Scraped caption text data:
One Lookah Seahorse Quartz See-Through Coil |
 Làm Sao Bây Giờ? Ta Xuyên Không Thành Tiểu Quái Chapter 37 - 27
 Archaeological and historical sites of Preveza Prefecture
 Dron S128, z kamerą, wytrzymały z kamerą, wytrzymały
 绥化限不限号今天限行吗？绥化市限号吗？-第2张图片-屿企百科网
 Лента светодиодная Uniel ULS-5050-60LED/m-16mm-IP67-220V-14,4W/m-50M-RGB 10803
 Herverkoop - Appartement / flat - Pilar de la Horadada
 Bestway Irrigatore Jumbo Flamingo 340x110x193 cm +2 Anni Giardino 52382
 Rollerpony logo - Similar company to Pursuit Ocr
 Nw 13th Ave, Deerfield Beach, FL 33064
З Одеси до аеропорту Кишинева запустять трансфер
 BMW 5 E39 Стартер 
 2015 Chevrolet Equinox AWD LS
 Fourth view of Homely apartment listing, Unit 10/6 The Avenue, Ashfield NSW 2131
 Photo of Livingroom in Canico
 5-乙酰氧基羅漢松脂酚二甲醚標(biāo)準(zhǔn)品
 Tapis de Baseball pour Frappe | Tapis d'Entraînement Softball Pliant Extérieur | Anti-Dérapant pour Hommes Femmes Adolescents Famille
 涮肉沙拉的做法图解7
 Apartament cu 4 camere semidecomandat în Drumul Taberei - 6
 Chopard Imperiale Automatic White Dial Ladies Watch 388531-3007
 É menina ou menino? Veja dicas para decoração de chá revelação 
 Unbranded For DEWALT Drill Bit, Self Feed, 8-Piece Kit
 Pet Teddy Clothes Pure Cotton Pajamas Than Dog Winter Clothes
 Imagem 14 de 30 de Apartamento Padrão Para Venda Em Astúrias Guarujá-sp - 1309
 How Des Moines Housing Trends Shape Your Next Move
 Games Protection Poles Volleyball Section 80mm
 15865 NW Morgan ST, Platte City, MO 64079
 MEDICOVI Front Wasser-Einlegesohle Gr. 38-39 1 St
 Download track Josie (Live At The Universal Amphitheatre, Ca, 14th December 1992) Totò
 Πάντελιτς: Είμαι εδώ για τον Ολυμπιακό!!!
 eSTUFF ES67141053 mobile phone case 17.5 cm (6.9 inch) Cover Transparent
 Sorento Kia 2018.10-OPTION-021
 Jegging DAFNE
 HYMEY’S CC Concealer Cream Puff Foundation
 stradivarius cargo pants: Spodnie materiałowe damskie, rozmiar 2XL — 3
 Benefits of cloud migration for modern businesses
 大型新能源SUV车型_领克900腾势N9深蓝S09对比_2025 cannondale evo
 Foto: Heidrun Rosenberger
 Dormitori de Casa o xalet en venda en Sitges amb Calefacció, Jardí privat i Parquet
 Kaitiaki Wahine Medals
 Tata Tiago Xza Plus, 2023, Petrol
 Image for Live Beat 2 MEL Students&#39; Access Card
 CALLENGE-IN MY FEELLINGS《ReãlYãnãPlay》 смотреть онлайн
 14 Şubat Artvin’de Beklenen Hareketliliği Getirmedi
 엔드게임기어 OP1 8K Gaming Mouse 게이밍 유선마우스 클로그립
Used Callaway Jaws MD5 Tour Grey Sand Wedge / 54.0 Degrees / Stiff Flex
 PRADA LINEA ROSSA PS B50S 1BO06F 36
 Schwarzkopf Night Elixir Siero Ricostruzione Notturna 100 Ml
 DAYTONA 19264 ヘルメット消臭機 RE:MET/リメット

▶ **Problem**: Reproduce exactly, with nothing added, the lines from the one that contains "Foto: Heidrun Rosenberger" to the end of the data.

▶ **Task output**:
 Foto: Heidrun Rosenberger
 Dormitori de Casa o xalet en venda en Sitges amb Calefacció, Jardí privat i Parquet
 Kaitiaki Wahine Medals
 Tata Tiago Xza Plus, 2023, Petrol
 Image for Live Beat 2 MEL Students&#39; Access Card
 CALLENGE-IN MY FEELLINGS《ReãlYãnãPlay》 смотреть онлайн
 14 Şubat Artvin’de Beklenen Hareketliliği Getirmedi
 엔드게임기어 OP1 8K Gaming Mouse 게이밍 유선마우스 클로그립
Used Callaway Jaws MD5 Tour Grey Sand Wedge / 54.0 Degrees / Stiff Flex
 PRADA LINEA ROSSA PS B50S 1BO06F 36
 Schwarzkopf Night Elixir Siero Ricostruzione Notturna 100 Ml
 DAYTONA 19264 ヘルメット消臭機 RE:MET/リメット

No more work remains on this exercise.